Find the limit $\lim_{x\to0}\frac{\arcsin x -x}{x^2}$

Question

How can I find $\lim_{x\to0}\frac{\arcsin x -x}{x^2}$?

I've tried using the Lhopital rule and it got me here:

$\lim_{x\to0}\frac{\arcsin x -x}{x^2} = \lim_{x\to0}\frac{\frac{1}{\sqrt{1-x^2}}-1}{2x} = \lim_{x\to0}\frac{x}{2\sqrt{1-x^2}\cdot (1+\sqrt{1-x^2})}$

This doesn't make life much easier, unless I could say that $\frac{x}{2\sqrt{1-x^2}\cdot (1+\sqrt{1-x^2})}$ is continuous at $x=0$..

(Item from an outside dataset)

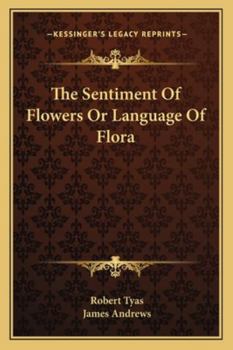 The Sentiment of Flowers: Or, Language of Flora. Embracing an Account of Nearly Three Hundred Different Flowers, With Their Powers in Language (E-Book)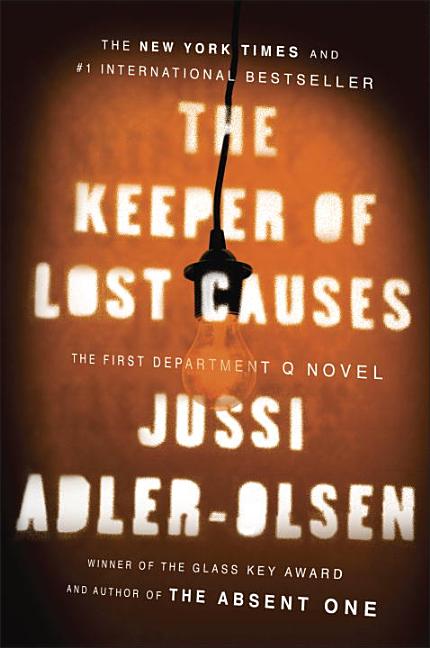 Item #301302 The Keeper of Lost Causes: The First Department Q Novel. Jussi Adler-Olsen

Is there a better way to approach this?

Answer 1

$$\arcsin(x)=x+\frac{x^3}{6}+o(x^3)$$ then $$\lim_{x\to 0}\frac{\arcsin(x)-x}{x^2}=\lim_{x\to 0}\frac{x}{6}=0.$$

Answer 2

Let $y=\arcsin x$ then $$\lim_{x\to0}\frac{\arcsin x -x}{x^2}=\lim_{y\to0}\frac{y-\sin y}{\sin^2y}$$ two times L'Hopital gives us $0$.